I'm not saying it's a good idea, I'm saying that tptacek is overstating the risk compared to the far easier option of just spying on the keyboard.
And c'mon, no common security camera could pick up a usable copy of that little graph thing. Half the time they're not even colour. It would take specialised equipment. I was thinking more like thieves going to some rich person's house, finding a computer screen near a window, attaching a high-res camera and waiting for them to log on to internet banking, or something. Sure, in that situation, very bad risk. But geeze, if you're sitting in the Chinese embassy and logging on to the CIA web site using your fingers on a keyboard, tiny coloured graphs of your password hash are the least of your problems.
It is an interesting idea though. I don't like how much information is in the graph, but if it was reduced to just, say, a block of 16-bit colour, that might still be a useful hint to users. Probably more useful actually; the detailed graph is just confusing. And I don't think even tptacek would claim 16 bits of colour is much of a hint brute-forcing a 256 bit hash.

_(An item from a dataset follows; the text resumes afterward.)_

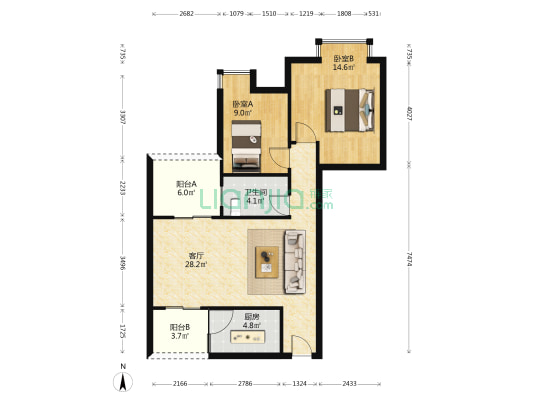 世纪铂爵 2室1厅1卫 87平方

Taking that idea and running with it a little - you could even "salt" the colour randomly for each user, feeding the salt value into the JS. In fact, implementing a per-user salt for the system as proposed would eliminate all of tptacek's concerns. It wouldn't be the same across sites, but it would be consistent per site. I might suggest this as an improvement.
update: duh, the system wouldn't know which salt to load before the user logged in .. forget that idea. Unless it was stored in a cookie of course. Or could be loaded via AJAX when focus shifted out of the username field.